From spatial pattern to ecological process through imaging zooplankton interactions

Abstract

Abstract Ecological interactions among marine zooplankton are poorly described because conventional sampling gears, such as plankton nets and traps, obscure the physical and biological environment that individuals experience. With in situ imagery, however, it is possible to resolve these interactions and potentially convert snapshot distributions into process-oriented oceanographic and ecological understanding. We describe a variety of imagery-detected ecological interactions with high spatial resolution in the northern Gulf of Mexico shelf waters (20–35 m bottom depth), providing new evidence of parasitism, predation, and life stage spatial structuring for different zooplankton groups.
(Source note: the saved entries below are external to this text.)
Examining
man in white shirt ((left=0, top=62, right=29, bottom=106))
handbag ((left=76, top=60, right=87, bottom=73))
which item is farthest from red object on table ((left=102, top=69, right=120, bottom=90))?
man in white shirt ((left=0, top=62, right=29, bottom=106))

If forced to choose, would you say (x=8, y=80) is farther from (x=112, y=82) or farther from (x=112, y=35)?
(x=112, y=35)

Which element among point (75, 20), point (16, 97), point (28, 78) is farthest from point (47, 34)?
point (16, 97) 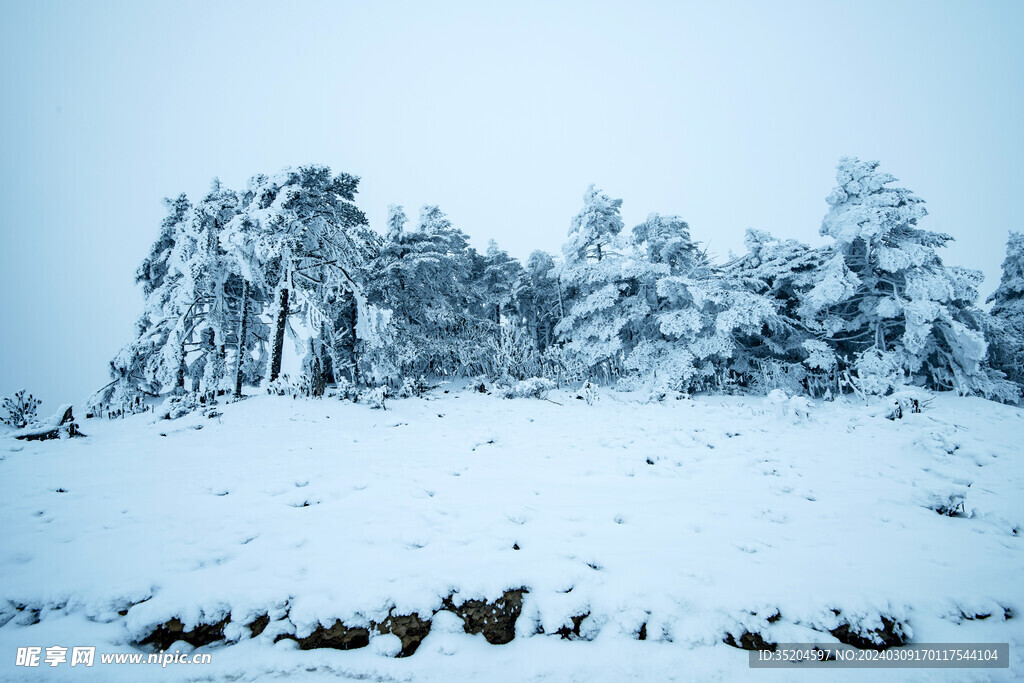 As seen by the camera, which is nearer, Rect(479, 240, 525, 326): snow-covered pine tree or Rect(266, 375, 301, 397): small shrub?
Rect(266, 375, 301, 397): small shrub

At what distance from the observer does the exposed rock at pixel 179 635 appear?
2.46 metres

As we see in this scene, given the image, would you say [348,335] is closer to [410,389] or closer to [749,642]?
[410,389]

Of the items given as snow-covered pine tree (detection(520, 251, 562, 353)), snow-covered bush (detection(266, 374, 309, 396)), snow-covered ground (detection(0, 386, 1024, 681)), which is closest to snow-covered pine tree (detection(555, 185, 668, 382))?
snow-covered pine tree (detection(520, 251, 562, 353))

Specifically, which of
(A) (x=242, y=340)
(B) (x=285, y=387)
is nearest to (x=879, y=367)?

Chaetognaths were infected with an anteriorly attached, parasitic polychaete (1.1% of 33 824 individuals), and these infected chaetognaths were more common further offshore, south of a nearshore patch where unparasitized individuals reached concentrations of ∼90 m–3. Predation by Liriope spp. hydromedusae tended to occur in the shallowest 10–15 m, and doliolids formed distinct patches of different life stages, indicating that the environment is replete with sharp transitions among various ecological processes. Similar patterns in other marine ecosystems likely exist, and we encourage hybrid (machine/human expertise) approaches that broaden the scope for analysis of plankton images, which are rich sources of new ecological information and hypotheses yet to be examined quantitatively.